Next we can exchange the order of the summation indices and rearrange the terms to get

\[\sum_{t=1}^{n}{x(t) e^{-2\pi i t \nu/n}} = \frac{1}{n}\sum_{\omega=0}^{n/2-1} {\hat{x}(\omega)\sum_{t=1}^{n}{ e^{2\pi i t (\omega-\nu)/n}}}\]

For all frequencies $\omega-\nu\not=0$, the sines and cosines average to zero, so the right hand side simplifies

\[\sum_{t=1}^{n}{x(t) e^{-2\pi i t \nu/n}} = \frac{1}{n}\hat{x}(\nu)n = \hat{x}(\nu).\]
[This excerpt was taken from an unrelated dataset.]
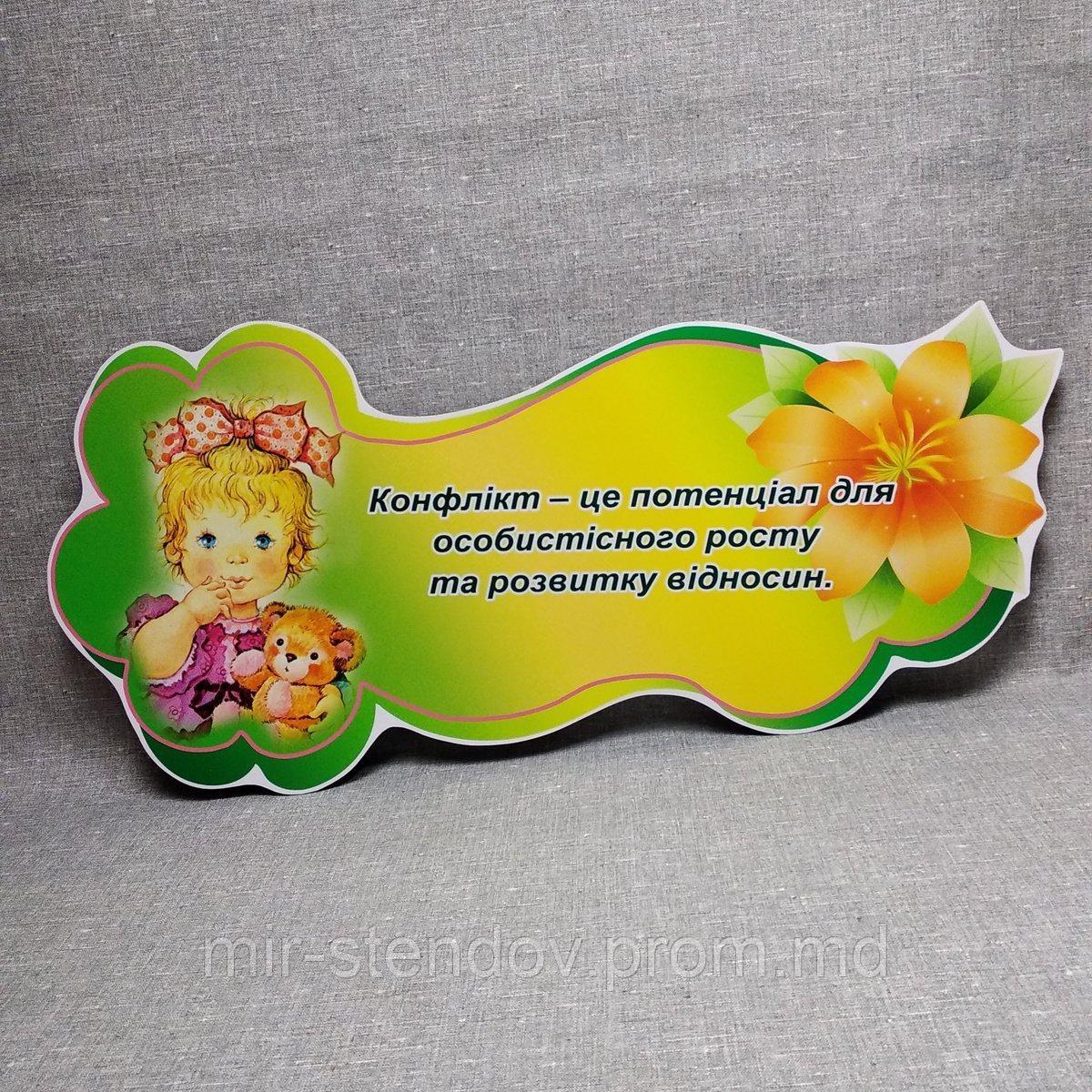 Цитата для кабинета психолога. Конфликт, фото 1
8.1.7 Beijing Air Quality Example

Let’s use a week-long hourly data (168 hours) from the DSPA (2008-2016) Beijing air quality PM2.5 measuring air pollutants - PM2.5 particles in micrograms per cubic meter.

library(plotly)
library(ggplot2)
library(zoo) # use: index() converts Date to its index 
library(reshape2)

beijing.pm25<-read.csv("https://umich.instructure.com/files/1823138/download?download_frd=1")
beijing.pm25[beijing.pm25$Value==-999, 9]<-NA
beijing.pm25[is.na(beijing.pm25$Value), 9]<-floor(mean(beijing.pm25$Value, na.rm = T))

id = 1:nrow(beijing.pm25)
range <- 168 #  (1 week hourly data)
mat = matrix(0, nrow=range, ncol=3)
stat = function(x){
  c(mean(beijing.pm25[iid,"Value"]),quantile(beijing.pm25[iid,"Value"],c(0.2,0.8)))
}
for (i in 1:range){
  iid = which(id%%range==i-1)
  mat[i,] = stat(iid)
}

mat <- as.data.frame(mat)
colnames(mat) <- c("mean","20%","80%")
# mat$time = c(1:range)
mat$time <- readr::parse_datetime(beijing.pm25$Date..LST., "%m/%d/%Y %h:%M")[1:range]

dt <- melt(mat,id="time")

trend <- lm(value ~ index(value), data = dt)
detrended.trajectory <- trend$residuals
detrendMod3 <- detrended.trajectory[seq(1, length(detrended.trajectory), 3)]
plot_ly(data = dt, x=~time[1:range], y=~value[(range+1):(2*range)], type="scatter", mode="markers+lines") %>%
  add_trace(x=~time[1:range], y=detrendMod3, mode="lines", name="detrended") %>%
  layout(title="Beijing daily 24-hour average PM2.5 (2008-2016)",
         xaxis=list(title="Time"), yaxis=list(title="AQI (PM2.5)"), 
         legend=list(orientation='h', y=-0.2))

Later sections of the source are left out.